A. LA PLACE DE L'ARTISANAT DANS L'ÉCONOMIE FRANÇAISE

Au 1 er janvier 2000, les 795.000 entreprises inscrites au Répertoire des Métiers, en France métropolitaine, au titre d'une activité artisanale principale ou secondaire, représentaient environ le tiers des entreprises françaises en activité, en dehors de l'agriculture.

Le chiffre d'affaires total de l'artisanat s'élève à 865 milliards de francs. L'implantation des entreprises artisanales sur l'ensemble du territoire est harmonieuse : 32 % d'entre elles sont installées dans les communes rurales, 38 % dans les unités urbaines de moins de 200.000 habitants et 30 % dans les communes de plus de 200.000 habitants.

Les secteurs d'activité

Trois grands secteurs d'activité (bâtiment, services et alimentation) regroupent 81 % des inscrits au RIM (respectivement 36%, 13 % et 32 %) ; les 19 % restant se répartissent dans l'artisanat de production : travail des métaux, textile, cuir et habillement, bois et ameublement et autres fabrications.
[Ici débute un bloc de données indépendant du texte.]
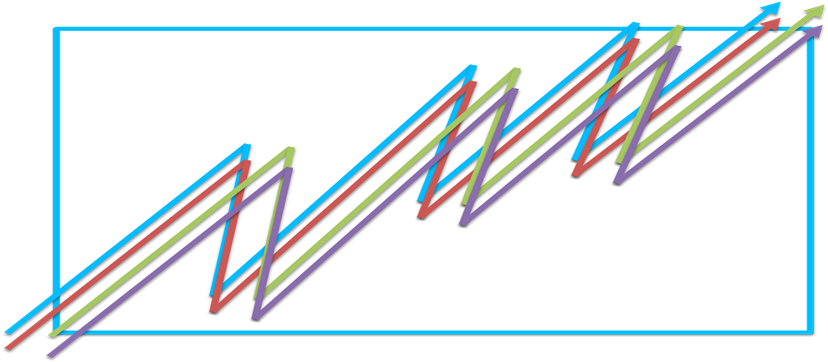 Analytics - Graphic Design (856x403), Png Download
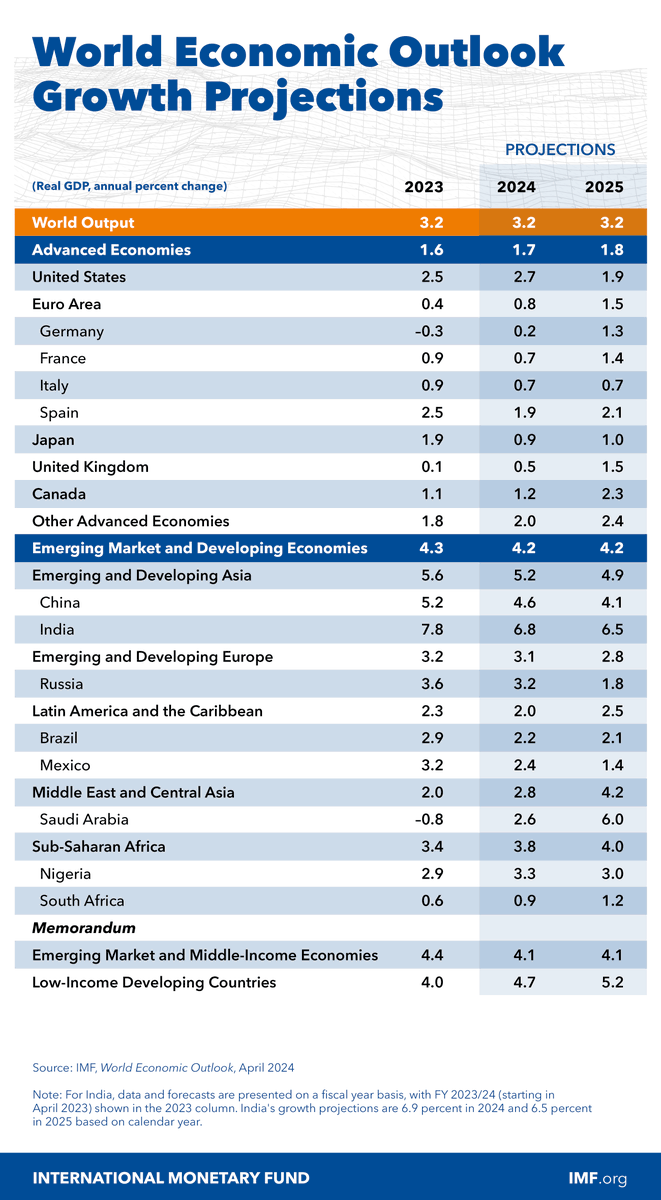 IMF Growth Forecast: 2024 🇺🇸 US: 2.7% 🇩🇪 Germany: 0.2% 🇫🇷 France: 0.7% 🇮🇹 Italy: 0.7% 🇪🇸 Spain: 1.9% 🇬🇧 UK: 0.5% 🇯🇵 Japan: 0.9% 🇨🇳 China: 4.6% 🇮🇳 India: 6.8% 🇷🇺 Russia: 3.2% 🇧🇷 Brazil: 2.2% 🇲🇽 Mexico: 2.4% 🇸🇦 KSA: 2.6% 🇳🇬 Nigeria: 3.3% 🇿🇦 S. Africa: 0.9% imf.org/en/Publication…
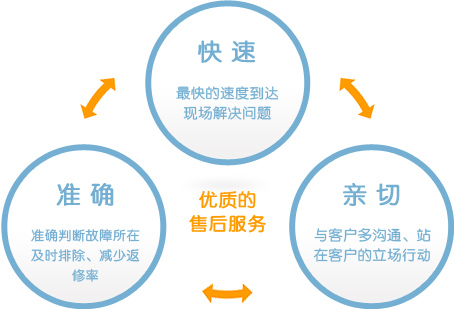 西安新科空調售后維修電話——〔全國24小時）客戶服務中心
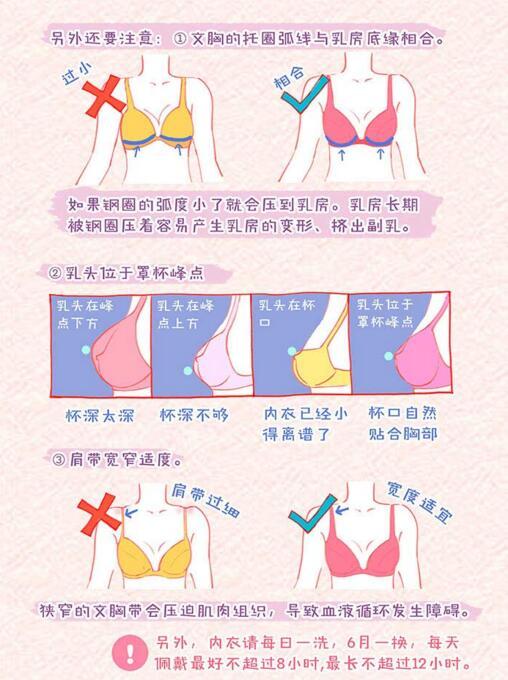 北京注射丰胸，重塑女性魅力的秘密武器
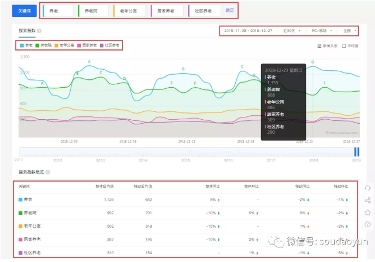 房地产退潮后，下一个财富风口居然是它，5年后你的钱可能一文不值(图5)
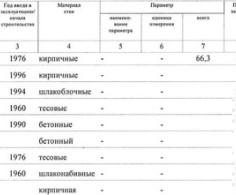 Дом, 1 этаж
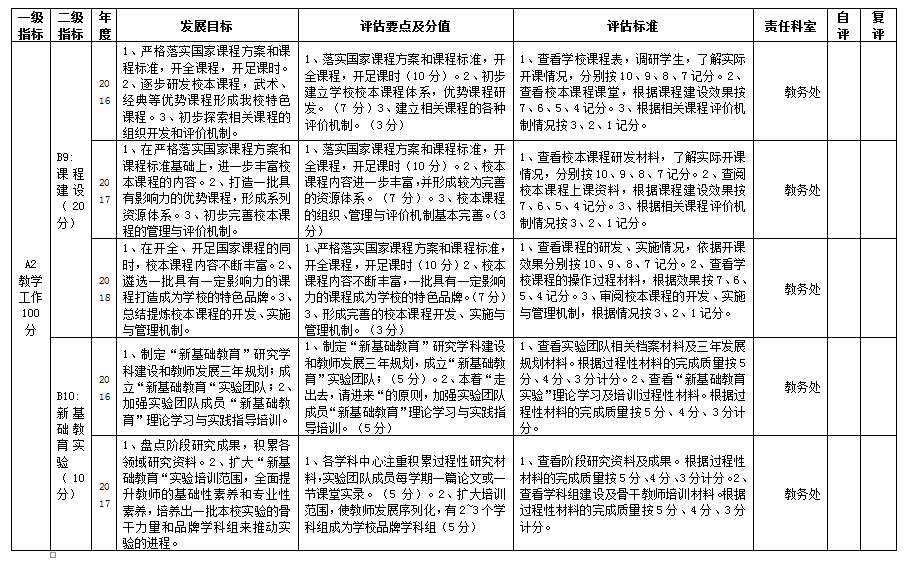 临淄区齐鲁武术学校自主发展督导评估评价方案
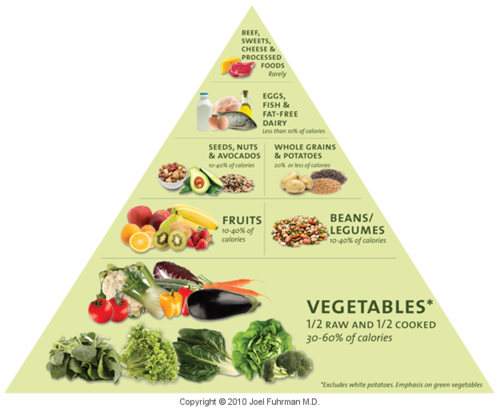 Healthy Living Pyramid 2012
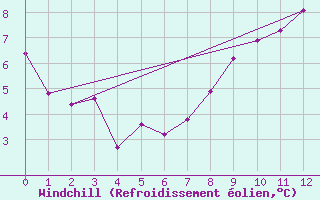 Courbe du refroidissement olien pour Kirkjubaejarklaustur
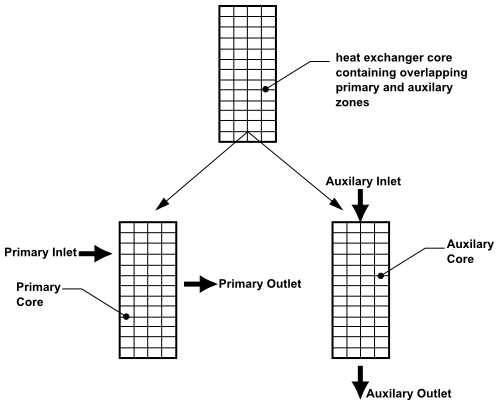 Core with Matching Quad Meshes for Primary and Auxiliary Zones in a Crossflow Pattern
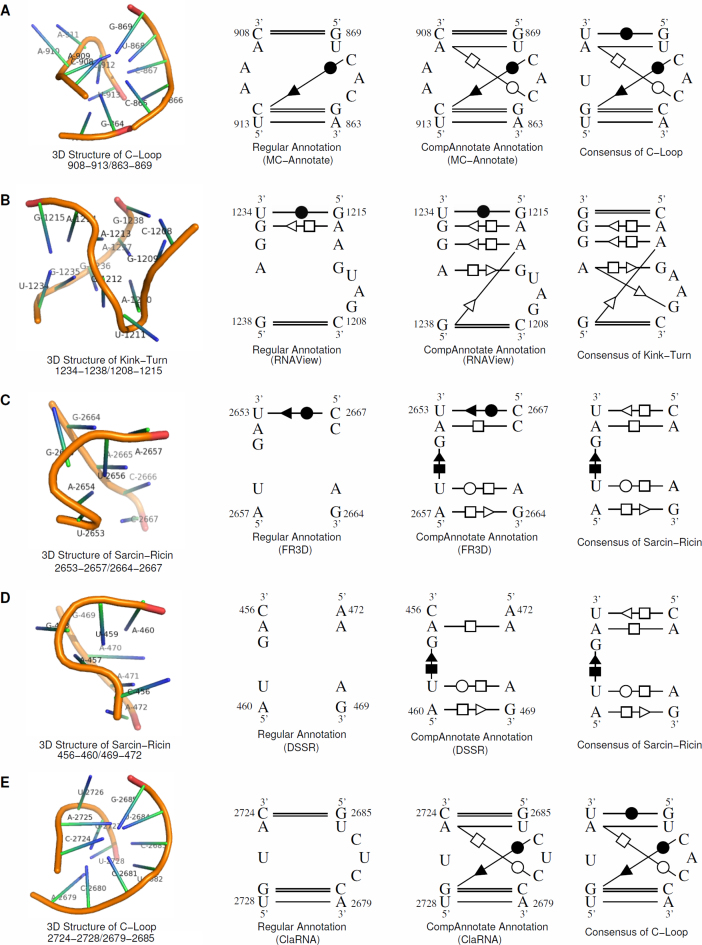 Figure 4.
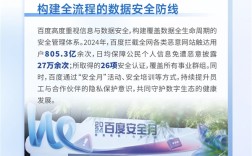 百度：一年为用户拦截恶意网站805亿次 ！
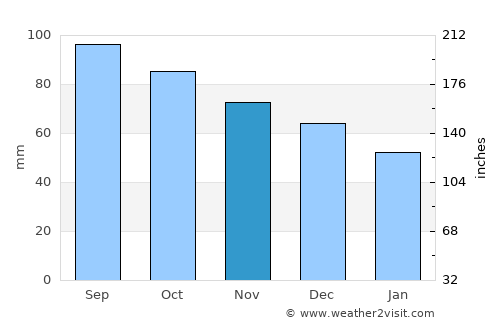 Marlin average rain in November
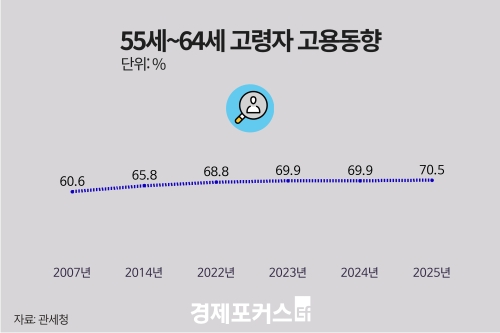 고령자 10명 중 7명은 일한다…고용률 70% 첫 돌파
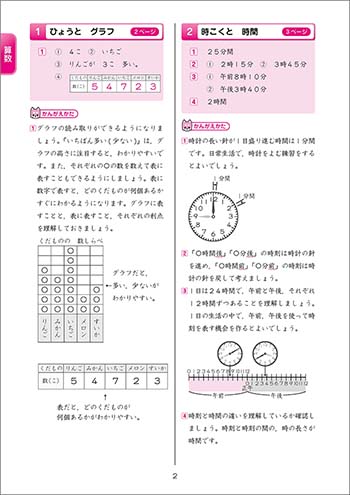 チャ太郎ドリル　夏休み編　小学2年生 別冊答え1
Le nombre d'inscrits, qui avait progressé de 1,3 % en 1995 et de 0,8 % en 1996, a baissé de 0,5 % en 1997 et en 1998, puis s'est stabilisé en 1999 et progresse de 0,6 % en 2000. En effet, le taux de renouvellement des entreprises artisanales, notamment dans les activités nécessitant un diplôme (boulangerie, charcuterie, coiffure...), est plus faible que dans les autres secteurs.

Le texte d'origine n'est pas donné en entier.